The Pacific Ocean was crossed in calm. It seemed but a very few days of pleasant sailing on the great peaceful ocean, with the days’ gorgeous sunrises and sunsets, which hollowed out of the sky caverns upon caverns of light full of color more wonderful than Ali Baba’s treasure-chamber, and nights spiritually lovely with the silvery light of moon and stars. On August 15th, 1868, they passed through the Golden Gate, and “Aladdin’s palace of the West,” the cosmopolitan city of San Francisco, was before their eyes.

Not more wonderful than the things ephemeral and the strange changes going on in the city, wherein were very few old men, but only the young and strong of many nations, were the stabilities of life.
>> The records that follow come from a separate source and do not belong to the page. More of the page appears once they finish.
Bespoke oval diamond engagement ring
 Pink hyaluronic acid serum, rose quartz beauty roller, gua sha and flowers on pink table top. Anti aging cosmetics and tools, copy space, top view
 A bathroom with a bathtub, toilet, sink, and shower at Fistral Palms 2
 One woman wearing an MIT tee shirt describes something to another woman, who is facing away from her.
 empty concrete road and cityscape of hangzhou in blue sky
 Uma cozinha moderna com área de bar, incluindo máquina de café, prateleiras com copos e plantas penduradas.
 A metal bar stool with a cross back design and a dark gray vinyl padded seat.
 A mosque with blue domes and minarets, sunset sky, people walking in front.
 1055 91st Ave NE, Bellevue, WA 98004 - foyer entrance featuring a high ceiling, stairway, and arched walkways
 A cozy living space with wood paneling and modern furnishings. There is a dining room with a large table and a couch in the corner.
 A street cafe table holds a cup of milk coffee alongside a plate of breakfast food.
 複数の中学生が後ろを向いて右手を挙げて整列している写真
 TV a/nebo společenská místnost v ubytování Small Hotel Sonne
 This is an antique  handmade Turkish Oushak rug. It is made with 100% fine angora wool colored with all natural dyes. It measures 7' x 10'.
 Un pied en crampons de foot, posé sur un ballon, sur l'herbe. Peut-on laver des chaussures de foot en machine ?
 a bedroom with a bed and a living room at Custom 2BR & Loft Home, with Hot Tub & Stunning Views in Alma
Carleton found time to examine and write about education, the libraries, churches, asylums, charities, and the beginnings of literature, science, and art. In one of the schools he found them debating “whether Congress was right in ordering Major Andre to be executed.” Lest some might think Carleton lacking in love to “Our Old Home,” we quote, “It is neither politic, wise, nor honest to instill into the youthful mind animosity towards England or any other nation, especially for acts committed nearly a century ago.”

In his youth he had played the battles of Bunker Hill and Bennington, in which his living ancestors had fought, and of which they had told him, using the roadside weeds as British soldiers, and sticks, stones, and a cornstalk knife for weapons. In after-life, he often expressed the emphatic opinion that our school histories were viciously planned and written, preserving a spirit that boded no good for the future of our country and the world. In the nineties, he was asked by the Harpers to write a history of the United States for young people. This he hoped to do, correcting prejudices, and emphasizing the moral union between the two nations using English speech; but all too soon the night came when he could not do the work proposed.

Remaining in California over two months, Carleton started eastward in the late autumn over the Central Pacific railway, writing from Salt Lake City what he saw and knew about Mormonism and the polygamy and concubinage there shamefully prevalent. From the town of Argenti, leaving the iron rails, they enjoyed and suffered seven days and nights of staging until smooth iron was entered upon once more. They passed several specimens of what Carleton called “pandemonium on wheels,” those temporary settlements swarming with gamblers and the worst sort of human beings, male and female. They abode some time in the city of Latter Day Saints. They saw Chicago. “Home Again” was sung before Christmas day. Once more he breathed the salt air of Boston. Carleton wrote a series of letters on “The Science of Travel,” showing where, when, and for how much, one could enjoy himself in the various countries and climates in going around the world.

Carleton summed up his impressions after completing the circuit of the globe in declaring that three aggressive nations, England, Russia, and the United States, were the chief makers of modern history, America being the greatest teacher of them all, and “our flag the symbol of the world’s best hope.”